→ Prompt
Nothing may be changed. Give the entries below again exactly.

→ Data provided
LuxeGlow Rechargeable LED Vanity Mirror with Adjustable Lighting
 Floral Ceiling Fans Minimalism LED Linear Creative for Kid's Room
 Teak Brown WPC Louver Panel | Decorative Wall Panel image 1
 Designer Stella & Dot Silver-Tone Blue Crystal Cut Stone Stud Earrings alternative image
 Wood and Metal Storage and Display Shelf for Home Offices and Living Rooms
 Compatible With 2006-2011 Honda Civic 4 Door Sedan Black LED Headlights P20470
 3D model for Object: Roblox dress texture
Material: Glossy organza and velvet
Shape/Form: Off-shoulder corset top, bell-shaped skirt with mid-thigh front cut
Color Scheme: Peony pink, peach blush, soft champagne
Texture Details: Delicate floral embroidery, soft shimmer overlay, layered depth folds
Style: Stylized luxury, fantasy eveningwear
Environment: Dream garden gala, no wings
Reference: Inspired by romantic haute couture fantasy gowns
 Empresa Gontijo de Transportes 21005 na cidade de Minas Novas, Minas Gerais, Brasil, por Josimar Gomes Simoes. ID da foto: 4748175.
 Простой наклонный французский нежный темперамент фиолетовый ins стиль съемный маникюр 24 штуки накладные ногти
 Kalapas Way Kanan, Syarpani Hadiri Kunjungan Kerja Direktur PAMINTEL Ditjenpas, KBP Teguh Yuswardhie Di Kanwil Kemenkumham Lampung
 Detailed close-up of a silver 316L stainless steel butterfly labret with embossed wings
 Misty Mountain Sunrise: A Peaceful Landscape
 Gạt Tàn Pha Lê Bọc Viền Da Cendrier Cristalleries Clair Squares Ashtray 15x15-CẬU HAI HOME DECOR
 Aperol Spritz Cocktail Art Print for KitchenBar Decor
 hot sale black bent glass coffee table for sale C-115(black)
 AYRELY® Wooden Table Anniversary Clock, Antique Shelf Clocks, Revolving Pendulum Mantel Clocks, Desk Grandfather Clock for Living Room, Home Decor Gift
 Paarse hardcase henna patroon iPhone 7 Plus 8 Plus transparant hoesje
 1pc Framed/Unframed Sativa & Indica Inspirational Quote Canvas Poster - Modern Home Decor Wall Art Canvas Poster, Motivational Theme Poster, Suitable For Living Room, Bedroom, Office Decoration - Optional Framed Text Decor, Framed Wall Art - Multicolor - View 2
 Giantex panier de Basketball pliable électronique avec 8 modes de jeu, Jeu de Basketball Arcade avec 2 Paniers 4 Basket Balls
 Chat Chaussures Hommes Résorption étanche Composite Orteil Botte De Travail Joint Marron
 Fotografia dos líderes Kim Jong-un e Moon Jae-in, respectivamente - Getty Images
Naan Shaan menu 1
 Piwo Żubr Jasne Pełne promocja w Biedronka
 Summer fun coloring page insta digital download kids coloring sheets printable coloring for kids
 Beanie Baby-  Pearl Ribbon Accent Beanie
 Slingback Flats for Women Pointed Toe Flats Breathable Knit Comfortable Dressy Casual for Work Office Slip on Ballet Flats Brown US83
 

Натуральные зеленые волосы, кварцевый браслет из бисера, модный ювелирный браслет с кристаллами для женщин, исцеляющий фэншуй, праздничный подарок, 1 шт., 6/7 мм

→ Task solution
LuxeGlow Rechargeable LED Vanity Mirror with Adjustable Lighting
 Floral Ceiling Fans Minimalism LED Linear Creative for Kid's Room
 Teak Brown WPC Louver Panel | Decorative Wall Panel image 1
 Designer Stella & Dot Silver-Tone Blue Crystal Cut Stone Stud Earrings alternative image
 Wood and Metal Storage and Display Shelf for Home Offices and Living Rooms
 Compatible With 2006-2011 Honda Civic 4 Door Sedan Black LED Headlights P20470
 3D model for Object: Roblox dress texture
Material: Glossy organza and velvet
Shape/Form: Off-shoulder corset top, bell-shaped skirt with mid-thigh front cut
Color Scheme: Peony pink, peach blush, soft champagne
Texture Details: Delicate floral embroidery, soft shimmer overlay, layered depth folds
Style: Stylized luxury, fantasy eveningwear
Environment: Dream garden gala, no wings
Reference: Inspired by romantic haute couture fantasy gowns
 Empresa Gontijo de Transportes 21005 na cidade de Minas Novas, Minas Gerais, Brasil, por Josimar Gomes Simoes. ID da foto: 4748175.
 Простой наклонный французский нежный темперамент фиолетовый ins стиль съемный маникюр 24 штуки накладные ногти
 Kalapas Way Kanan, Syarpani Hadiri Kunjungan Kerja Direktur PAMINTEL Ditjenpas, KBP Teguh Yuswardhie Di Kanwil Kemenkumham Lampung
 Detailed close-up of a silver 316L stainless steel butterfly labret with embossed wings
 Misty Mountain Sunrise: A Peaceful Landscape
 Gạt Tàn Pha Lê Bọc Viền Da Cendrier Cristalleries Clair Squares Ashtray 15x15-CẬU HAI HOME DECOR
 Aperol Spritz Cocktail Art Print for KitchenBar Decor
 hot sale black bent glass coffee table for sale C-115(black)
 AYRELY® Wooden Table Anniversary Clock, Antique Shelf Clocks, Revolving Pendulum Mantel Clocks, Desk Grandfather Clock for Living Room, Home Decor Gift
 Paarse hardcase henna patroon iPhone 7 Plus 8 Plus transparant hoesje
 1pc Framed/Unframed Sativa & Indica Inspirational Quote Canvas Poster - Modern Home Decor Wall Art Canvas Poster, Motivational Theme Poster, Suitable For Living Room, Bedroom, Office Decoration - Optional Framed Text Decor, Framed Wall Art - Multicolor - View 2
 Giantex panier de Basketball pliable électronique avec 8 modes de jeu, Jeu de Basketball Arcade avec 2 Paniers 4 Basket Balls
 Chat Chaussures Hommes Résorption étanche Composite Orteil Botte De Travail Joint Marron
 Fotografia dos líderes Kim Jong-un e Moon Jae-in, respectivamente - Getty Images
Naan Shaan menu 1
 Piwo Żubr Jasne Pełne promocja w Biedronka
 Summer fun coloring page insta digital download kids coloring sheets printable coloring for kids
 Beanie Baby-  Pearl Ribbon Accent Beanie
 Slingback Flats for Women Pointed Toe Flats Breathable Knit Comfortable Dressy Casual for Work Office Slip on Ballet Flats Brown US83
 

Натуральные зеленые волосы, кварцевый браслет из бисера, модный ювелирный браслет с кристаллами для женщин, исцеляющий фэншуй, праздничный подарок, 1 шт., 6/7 мм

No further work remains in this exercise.